• _EXERCISE GOAL_: Could you copy exactly the lines below from the one with "The Fountains of" to the one with "Satin jacquard sports shorts", inclusive, leaving out any pictures?

• _RECORDED DATA_:
---

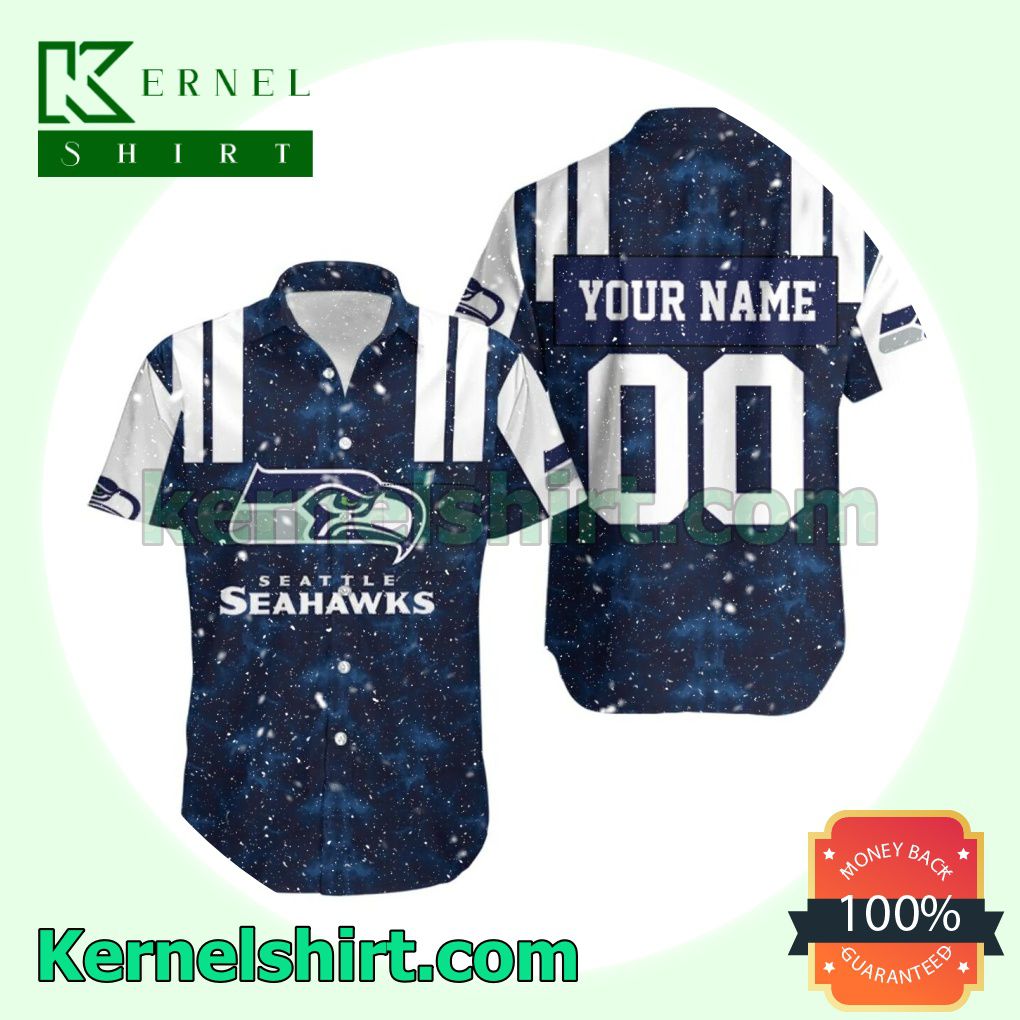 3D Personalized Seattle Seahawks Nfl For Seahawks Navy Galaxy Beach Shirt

---

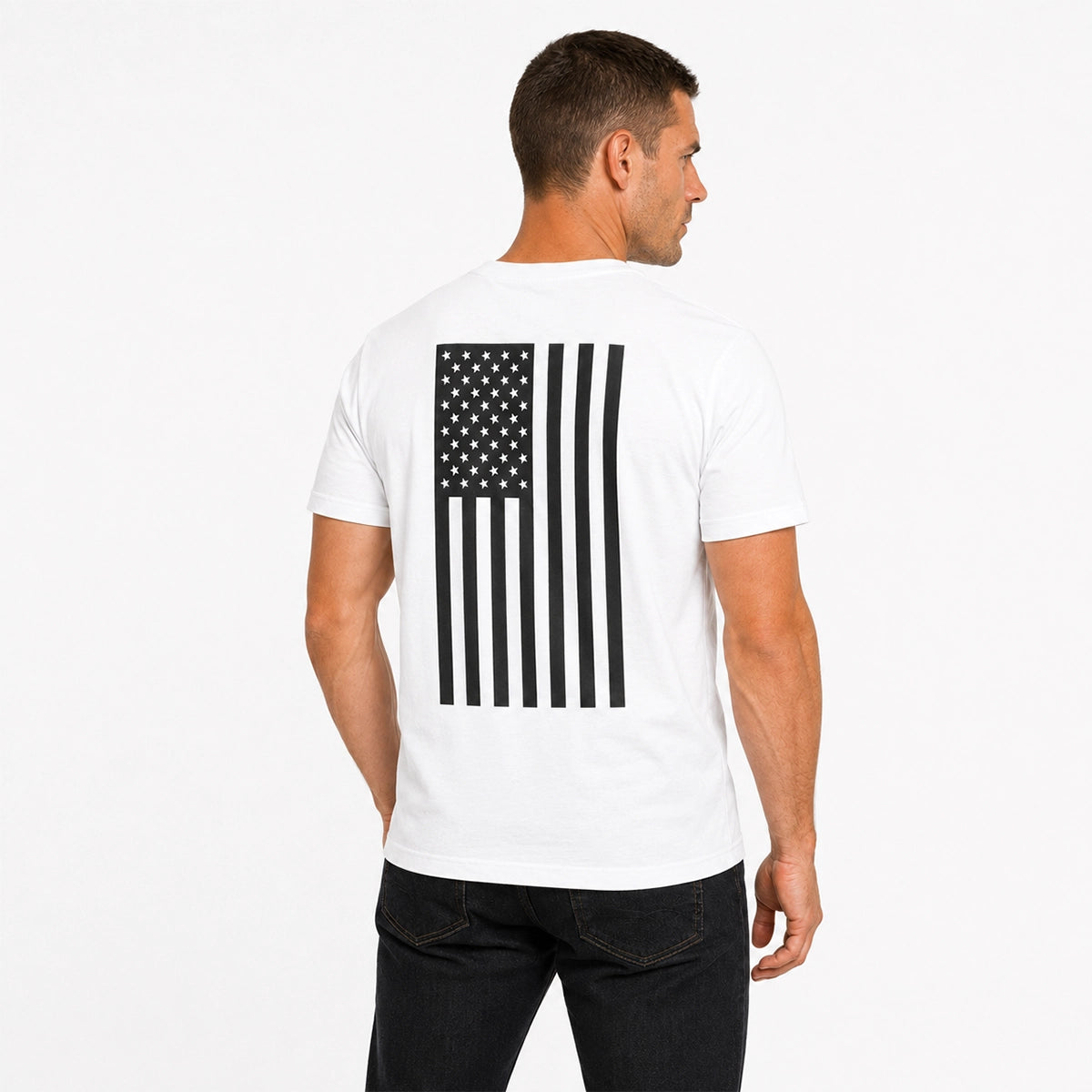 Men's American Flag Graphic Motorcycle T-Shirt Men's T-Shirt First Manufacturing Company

---

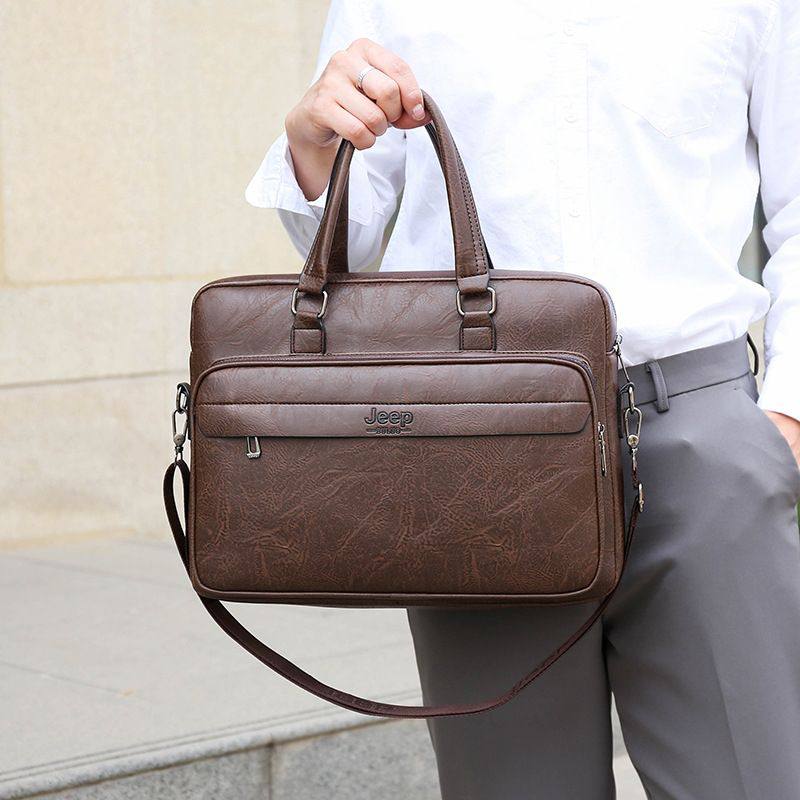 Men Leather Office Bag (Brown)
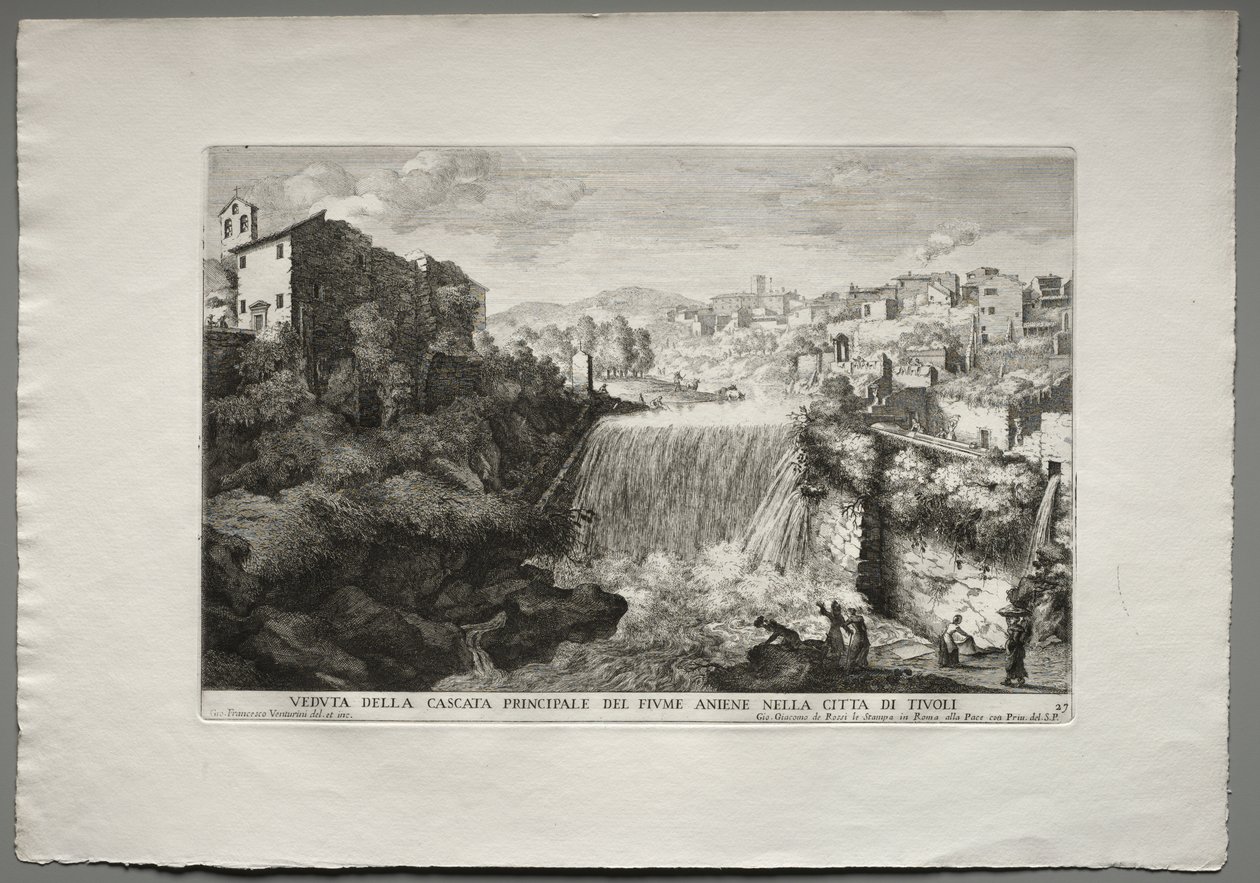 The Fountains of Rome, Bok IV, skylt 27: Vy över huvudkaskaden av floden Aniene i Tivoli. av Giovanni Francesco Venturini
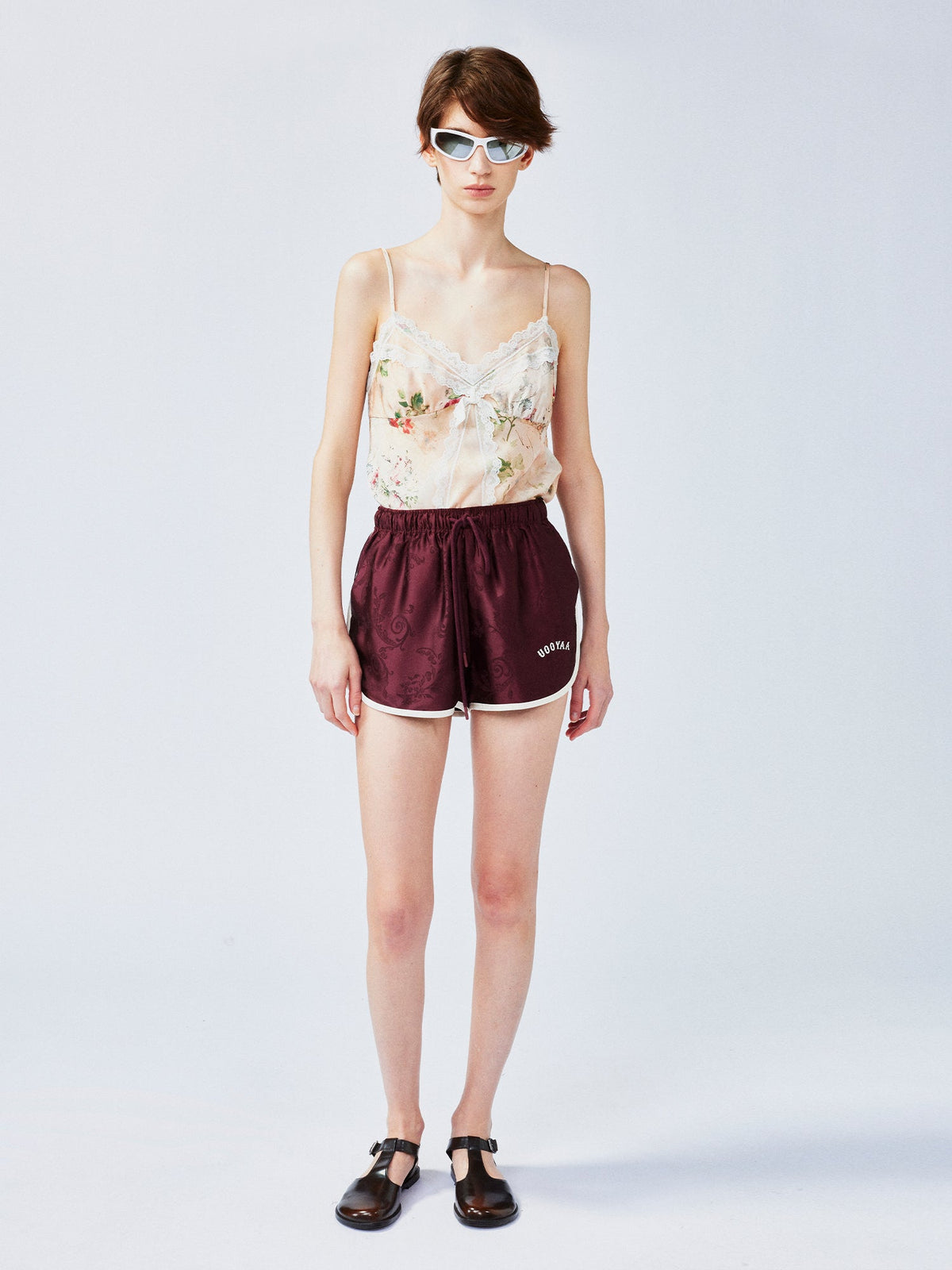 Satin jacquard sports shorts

---

• _COMPLETED TASK_:
 The Fountains of Rome, Bok IV, skylt 27: Vy över huvudkaskaden av floden Aniene i Tivoli. av Giovanni Francesco Venturini
 Satin jacquard sports shorts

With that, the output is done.